Assembly chair says he'll review Kratz matter - WKOW 27: Madison, WI Breaking News, Weather and Sports

Assembly chair says he'll review Kratz matter


By Bob Schaper - bio | email | Twitter | Facebook

MADISON (WKOW) -- The Kratz controversy may lead to changes in how Wisconsin oversees lawyers. A key committee chair in the Assembly says he'll review everything that's happened and make improvements to the law if necessary.

Gary Hebl, chairman of the Judiciary and Ethics Committee, said, "We have a DA in Wisconsin that is alleged to have committed some very dastardly acts."

Hebl, an attorney himself, says the state Supreme Court and its Office of Lawyer Regulation has done a good job in previous cases. And he said if the office had known then what it knows now the outcome may have been different.

"Hindsight being 20/20 I think with more information available, I think if OLR had the information that's currently available to us today, I don't think they would make the same decision," Hebl said

Still, the situation, he said, calls for legislative action.

"I promise you that we will review what happens here when we go back into session in January to determine if any corrections or improvements to our statutes need to take place," he said.

Marsha Mansfield, a UW law professor, says the system of governing Wisconsin's lawyers is similar to those in other states.

"So if you're in private practice, if you're in government work, if you're teaching, you are still required to abide by the rules.
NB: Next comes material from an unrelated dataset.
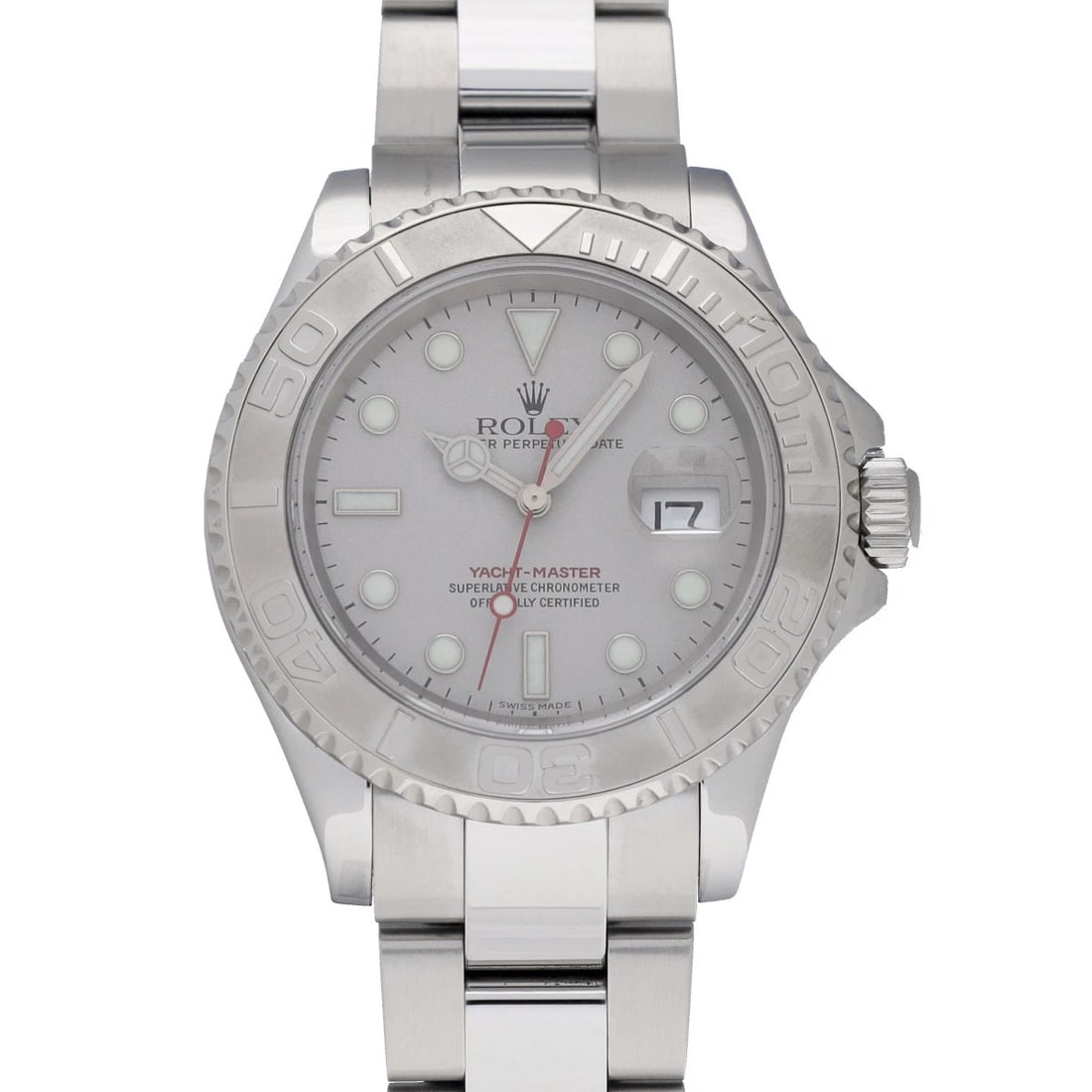 ROLEX YACHT-MASTER ROLESIUM GRAY WATCH: ROLEX Yacht-Master Rolesium Gray WATCH Brand: ROLEX Type: Wristwatch Material: Band Material Stainless steel, Case Material Stainless steel Color: Dial Color Gray Size: ??Case? H/about 40mm W/about 40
And the Office of Lawyer Regulation is the agency that basically polices enforcement of those rules," she said.

She said a key feature is the balancing act between transparency and confidentiality.

"The policy of protecting the public, also the policy of protecting the ability of lawyers to practice," she said.

"Those laws may need to be updated, improved, there may be different language that should be used so that no one who commits these types of activities falls through the cracks and is able to pull a fast one if you will," Hebl said.